Market course hinges on macro data
Spurred by the progress on vaccine front, indications of V-shaped recovery of economic activity on domestic front, record FII inflows and positive global cues; markets extended their winning streak for sixth consecutive week
Spurred by the progress on vaccine front, indications of V-shaped recovery of economic activity on domestic front, record FII inflows and positive global cues; markets extended their winning streak for sixth consecutive week. Benchmark indices continued to hit fresh record highs in the week ended. On BSE, the Sensex crossed 46,000 for the first time, adding 1,019.46 points in the past week, while NSE Nifty gained 255.35 points to end at 13,513.90.
In the month till now, FIIs purchased equities worth Rs 26,927.66 crore and DIIs sold equities worth Rs 18,625.86 crore.

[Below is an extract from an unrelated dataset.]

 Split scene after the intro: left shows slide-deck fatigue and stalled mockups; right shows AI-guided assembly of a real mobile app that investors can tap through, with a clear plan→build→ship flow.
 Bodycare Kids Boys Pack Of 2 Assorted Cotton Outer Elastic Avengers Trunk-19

Taking cue from frontline indices, the broader markets also performed impressively with Nifty Midcap and Smallcap indices gaining around 1 per cent and 2 per cent, respectively. It is pertinent to observe that over the past six weeks, the Midcap and Smallcap indices have seen swift upmove of more than 20 per cent. Ahead of the Q3 results season, possibility of temporary breather at higher levels can't be ruled out.
However, such a breather should be capitalised to accumulate quality stocks say market observers. Although the broader market's moves have been muted, there has been a big shift in the stocks and sectors that have outperformed lately.

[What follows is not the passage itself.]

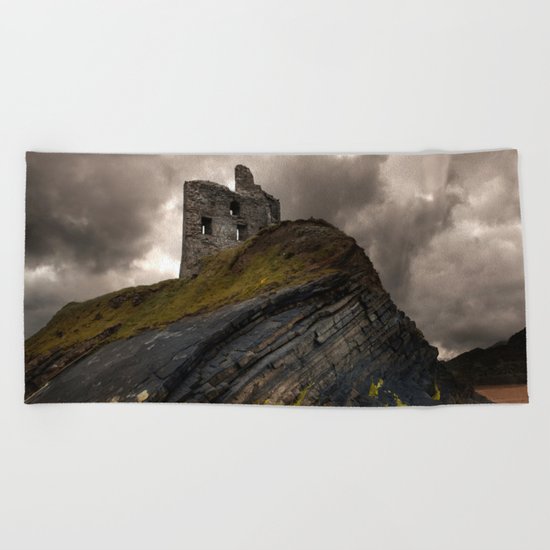 Forgotten castle in western Ireland Beach Towel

Investors have turned to groups that are expected to outperform as a vaccine is disseminated and the economy steadily recovers. Industry top guns suggest that post-Covid-19 new world order offers limitless opportunity for India, but for the country to be ready to participate in it, there is a need to establish regulatory standards on data and taxation in general.
Over the weekend, the Reserve Bank of India clarified that borrowers, seeking resolution of their bad debt under the Covid-19 stress scheme as suggested by the KV Kamath Committee, need not submit a resolution plan that the lenders would evaluate, rather, they can simply request by December 31.

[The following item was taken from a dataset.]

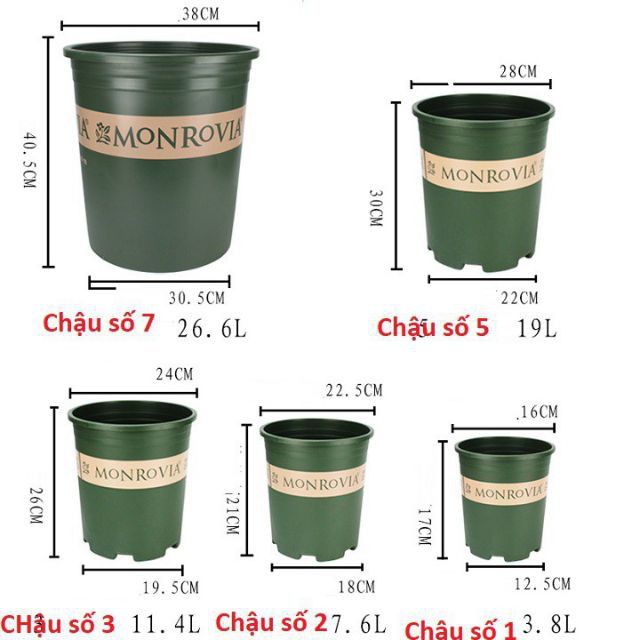 Chậu nhựa MONROVIA 2 màu sắc 4 kích thước 1GL 2GL 3GL 5GL Việt Nam - Chậu trồng cây cảnh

On the global front, all eyes are on prospective stimulus package in US and the Brexit imbroglio in Europe. The UK's current commercial and trading ties with the EU expire on Jan 1. If a deal can't be struck, both sides are preparing for significant border disruption affecting trade worth close to $900 billion a year. In the week ahead apart from global cues, market will react to the macroeconomic data such as IIP and CPI inflation.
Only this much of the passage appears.